Deuteronomy 10:18 - Coke's Commentary on the Holy Bible

Bible Comments

Ver. 18. He doth execute the judgment of the fatherless and widow See Exodus 22:22. God may be said to execute the judgment of the fatherless and widow, not only by taking them under the especial care of his providence, but by implanting compassion in the human breast; which, as his voice, calls upon men to protect the orphan, to assist the widow, to relieve the distressed. See James 1:27. The laws of hospitality are wisely and strongly inculcated in the sacred writings. The providence of God, which extends to all, is peculiarly attentive to strangers; to such as are either driven unjustly from their own country, or who travel, for good reasons, into other countries. Neither proselytes of justice, nor those of the gate, are here meant; but strangers in general, according to the utmost latitude of the word; and the motives, by which this regard to strangers is enforced upon the children of Israel, are certainly the strongest and most affecting possible. The wisest and best men among the heathens considered love to strangers as one of the characteristics of divinity. The Ζευς ξενιος, god of strangers, was the peculiar attribute of Jupiter, their supreme deity, benign to mankind, and the patron of universal benevolence.
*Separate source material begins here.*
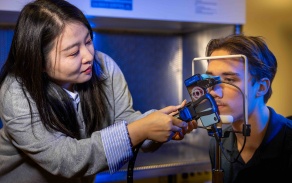 Researcher testing audiology equipment with a volunteer.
Hence, among other laws of Charondas, mentioned by Stobaeus, this is one, "to receive every stranger with kindness and humanity, and send them away in peace, in reverence to Jupiter, the god of strangers, who is as a god to all in common, and a narrow inspector of those who obey or violate the laws of hospitality." To the same purpose are many beautiful sentiments in Homer; as where Eumaeus says to Ulysses, disguised as a beggar,

It never was our guise To slight the poor, or aught humane despise; For Jove unfolds the hospitable door, 'Tis Jove that sends the stranger and the poor. See Odyss. 14: ver. 65-69 and Mr. Pope's note.
There is a remarkable letter of the emperor Julian, preserved by Sozomen in his Eccles. Hist. and in Julian's works, in which he speaks in the most honourable terms of the excellence and superiority of the Christian hospitality.

Deuteronomy 10:18

18 He doth execute the judgment of the fatherless and widow, and loveth the stranger, in giving him food and raiment.